The U.S. Department of Housing and Urban Development last updated standards for manufactured homes in 1994. In 2007, a bipartisan law required the Department of Energy to issue more protective rules, aligned with model standards for site-built homes. In 2022, the Biden administration finally complied, but those criteria never went into effect, and Trump paused them indefinitely last summer.
Last week’s housing law doesn’t repeal the DOE requirement adopted in 2007. But it does specify that only HUD can promulgate and enforce efficiency rules, and says the agency must do so in a year’s time. It also mandates new standards every three years.
Under the 2022 proposal, the average double-wide home was expected to cost $4,222 more up front, a figure that would be offset in less than five years in the form of lower energy bills. For single-wide units, the additional up-front costs were pegged at $660, which households would recoup within one year.
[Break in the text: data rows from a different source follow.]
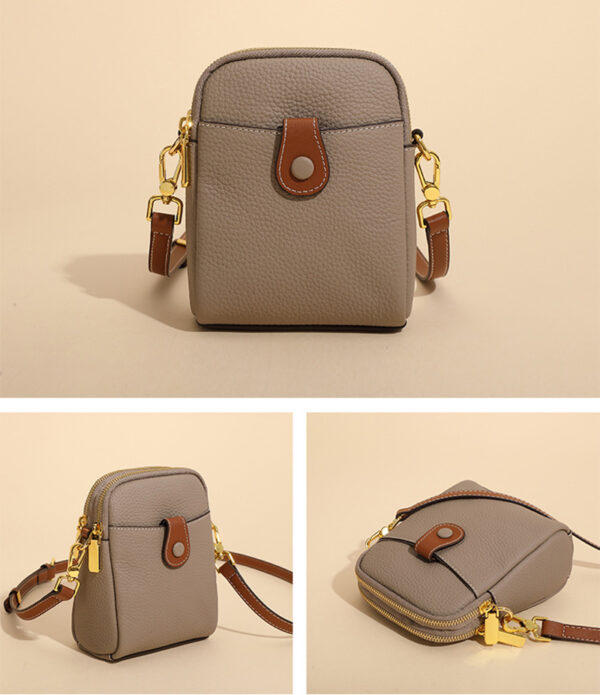 Lychee Pattern Mobile Phone Bag Small High Quality Leather Crossbody Bags For Women Wallet - Image 11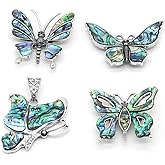 Zotoone Natural Abalone Shell Pendant & Brooch, Butterfly Gemstone Seashell Abalone Shell Charm Sliper Shell Brooch for DIY Necklace Jewelry Making Women Gift (Random 2 Pcs)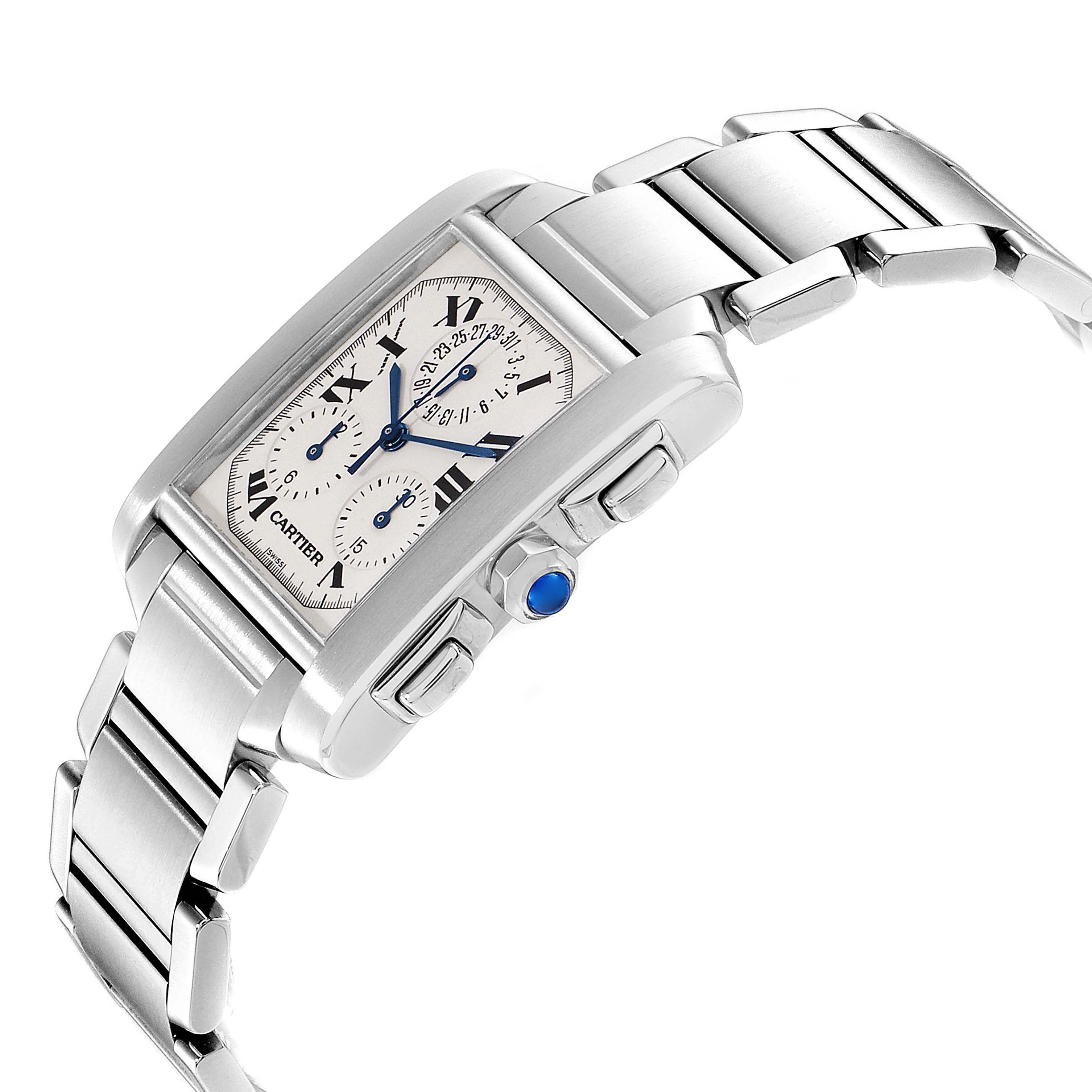 The image shows a side and top angle of the Cartier Tank Française watch, highlighting its bracelet and rectangular dial.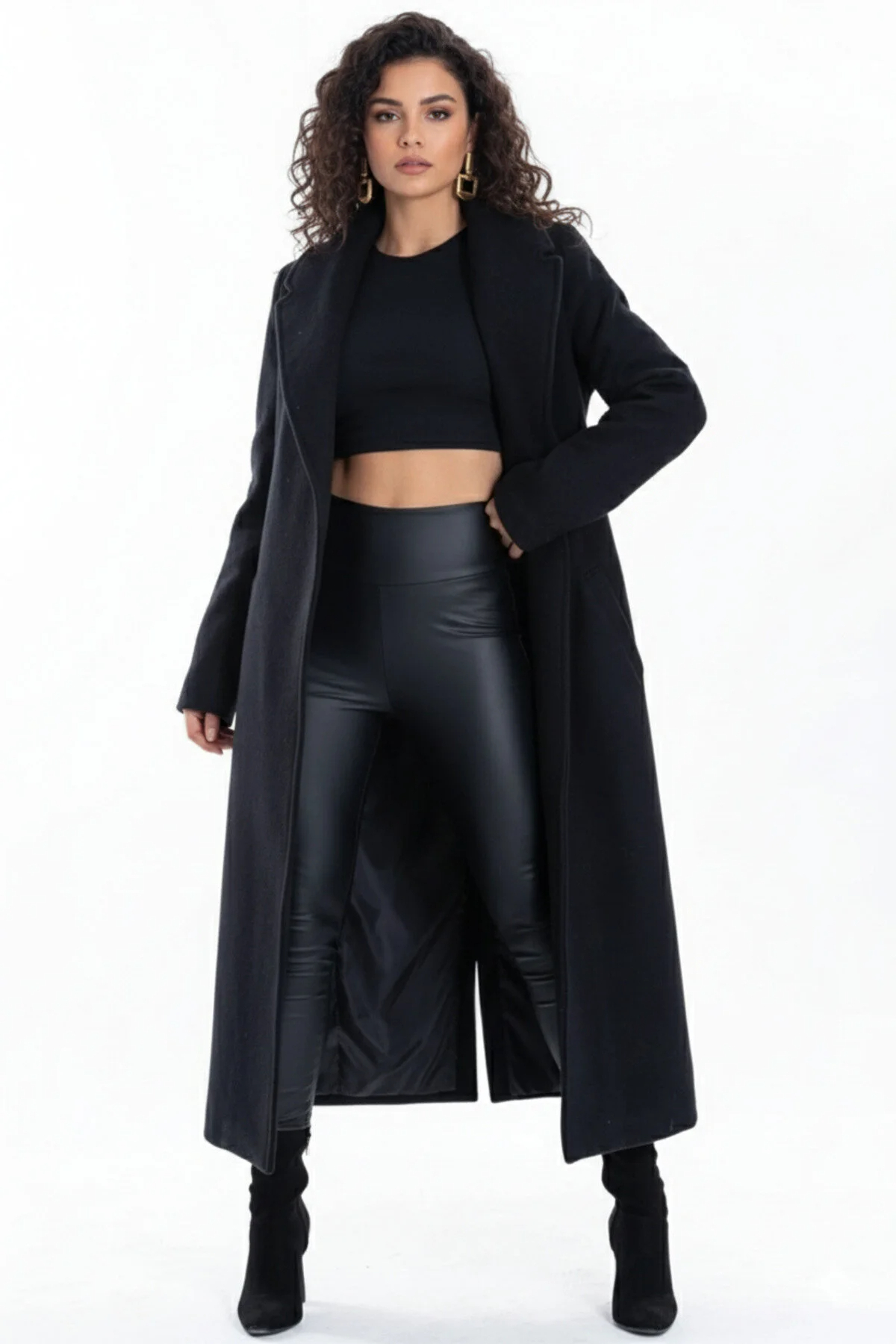 Modayıldızlar  MORENA Layal Kadın Yeni Sezon Kuşaklı İçi Astarlı Cep Detaylı Kaşe Kaban - Görsel 2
Some half of all manufactured homes are already built well above the minimum code. Yet the industry has long resisted new rules, and the second Trump administration has been hostile to energy efficiency efforts. So advocates like Kresowik have their work cut out for them to push HUD to devise standards that are at least as strong as those proposed four years ago.
“In this moment where voters have clearly communicated that lowering their costs is a top priority, this would be a thing that HUD can do,” Kresowik said. “[Updated standards] should deliver tremendous energy savings and cost savings. They should lower the cost to live inside a manufactured home.”
Elizabeth Ouzts is a contributing reporter at Canary Media who covers North Carolina and Virginia.